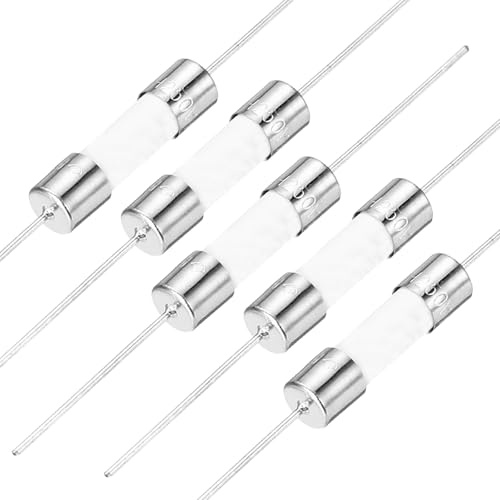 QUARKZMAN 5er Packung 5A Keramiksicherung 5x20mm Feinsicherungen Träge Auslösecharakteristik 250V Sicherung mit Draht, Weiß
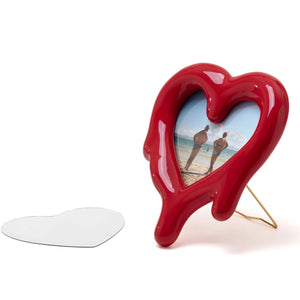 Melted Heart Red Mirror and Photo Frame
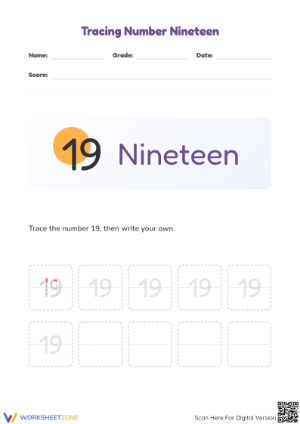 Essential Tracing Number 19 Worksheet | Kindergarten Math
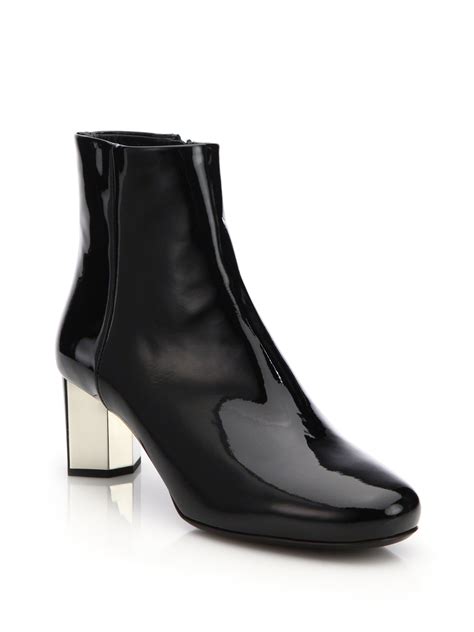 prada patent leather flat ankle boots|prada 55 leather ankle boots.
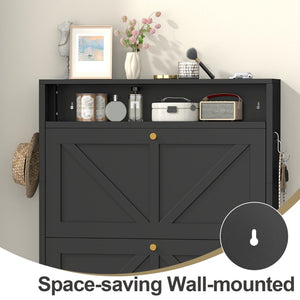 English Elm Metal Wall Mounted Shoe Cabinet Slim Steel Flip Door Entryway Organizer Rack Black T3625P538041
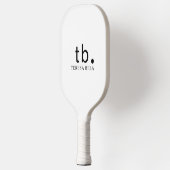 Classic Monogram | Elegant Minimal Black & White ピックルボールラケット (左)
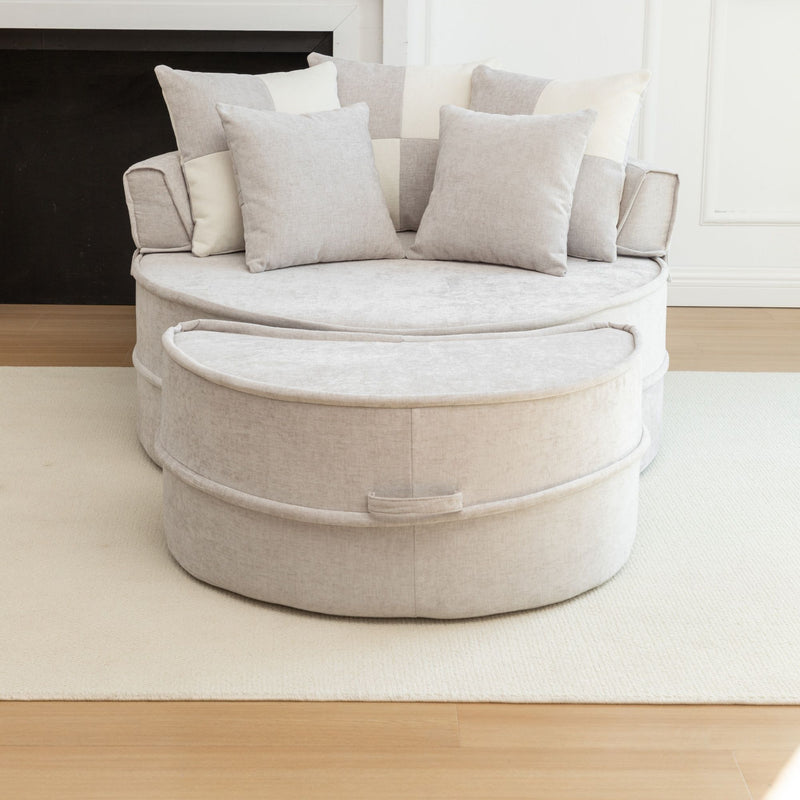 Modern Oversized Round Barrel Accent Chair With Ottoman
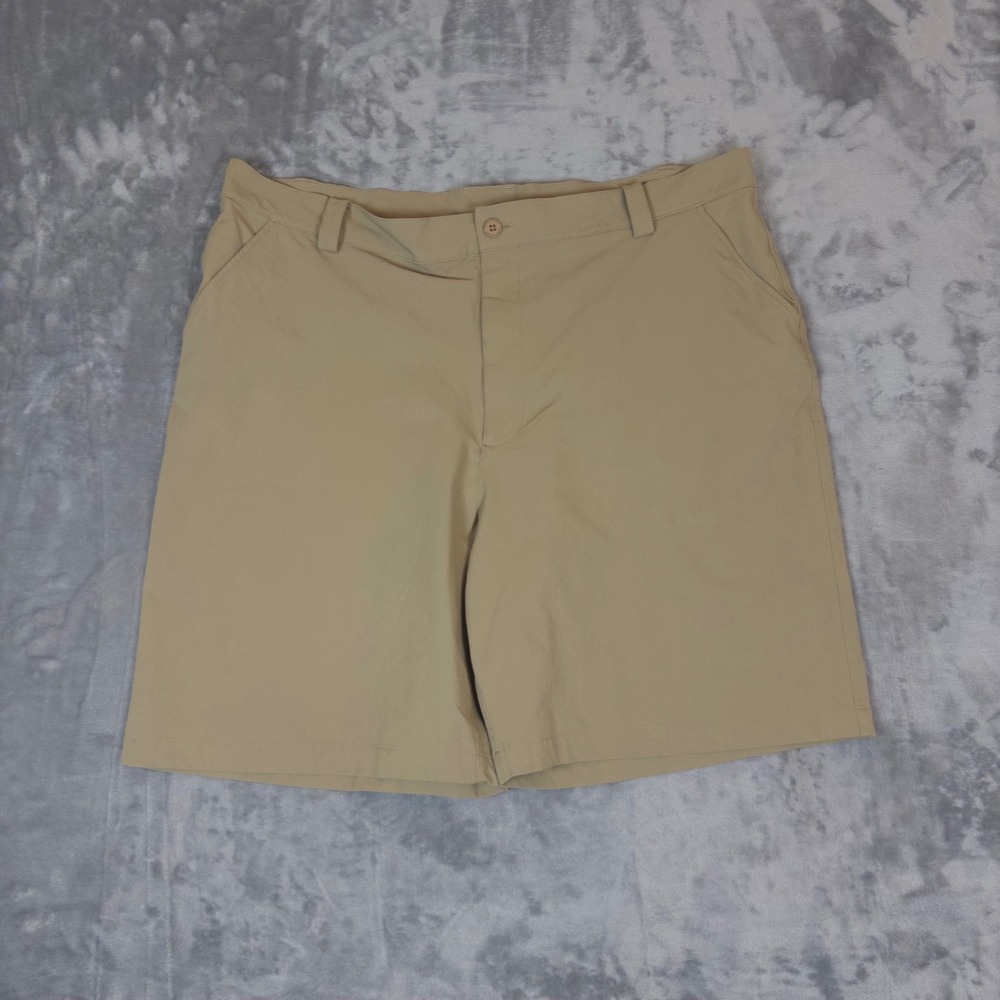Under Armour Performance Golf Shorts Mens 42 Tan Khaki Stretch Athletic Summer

§ Directions
From the line containing "Modern Oversized Round" through the final line of the listing above, reproduce every line exactly, with no pictures.

§ Answer section
 Modern Oversized Round Barrel Accent Chair With Ottoman
Under Armour Performance Golf Shorts Mens 42 Tan Khaki Stretch Athletic Summer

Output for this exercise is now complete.